Loger l'Europe : le logement social dans tous ses états

Dans le champ du logement social et du logement des personnes dites défavorisées, qui décide, pour
quelle cible ? Comment s'articulent les différents niveaux de gouvernement et les multiples instances de
production de règles ? Quelles en sont les conséquences sur le public-cible du logement social ?
Sous les effets de la crise, des orientations européennes et de facteurs internationaux, de la montée en
puissance des niveaux infra et supranationaux et du rôle croissant des acteurs privés dans les politiques
publiques, les systèmes du logement social se sont parfois métamorphosés et les réponses proposées
par les pays ont pu varier en fonction de leur histoire et de leur régime de protection sociale respectifs.

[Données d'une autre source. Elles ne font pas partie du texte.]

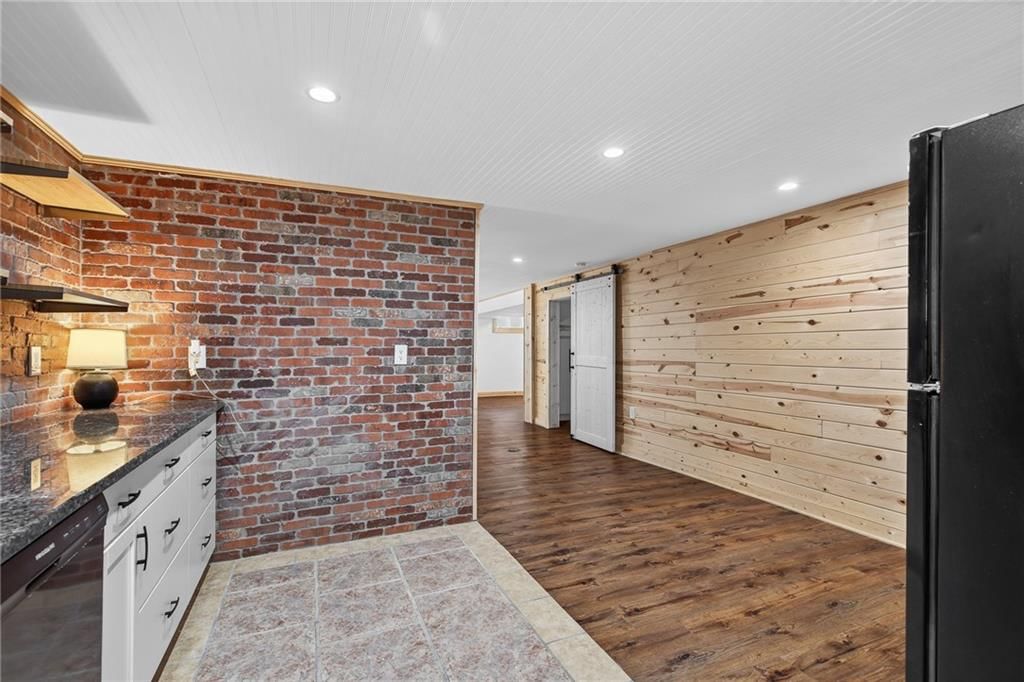 708 S Harrison Street — photo 29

Ainsi, à la seule lecture des récentes décisions communautaires, il semble que l'Union européenne tende
à promouvoir une conception selon laquelle le logement social doit être destiné aux personnes les plus
en difficulté qui ne peuvent pas se loger sur le marché en raison de leurs faibles ressources. Quant à la
crise économique et financière, elle a vraisemblablement accentué les tendances déjà présentes depuis
plusieurs années. Ces évolutions dans l'action publique posent de manière évidente la question du sens
du logement social, de sa gouvernance et du lien avec le logement des personnes dites défavorisées.
La première partie analyse le système du logement social dans des pays représentatifs des différents
régimes de protection sociale (Royaume-Uni, Allemagne, Finlande, Espagne, République tchèque, Pays-Bas,
France). La seconde partie interroge la question de l'existence d'un modèle européen de logement
social en adoptant une approche transnationale et pluridisciplinaire. Enfin, la troisième partie porte plus
particulièrement sur le modèle français, l'enjeu étant d'interroger la pertinence de cette notion et d'observer
les diverses facettes des politiques publiques conduites en France en matière de logement social.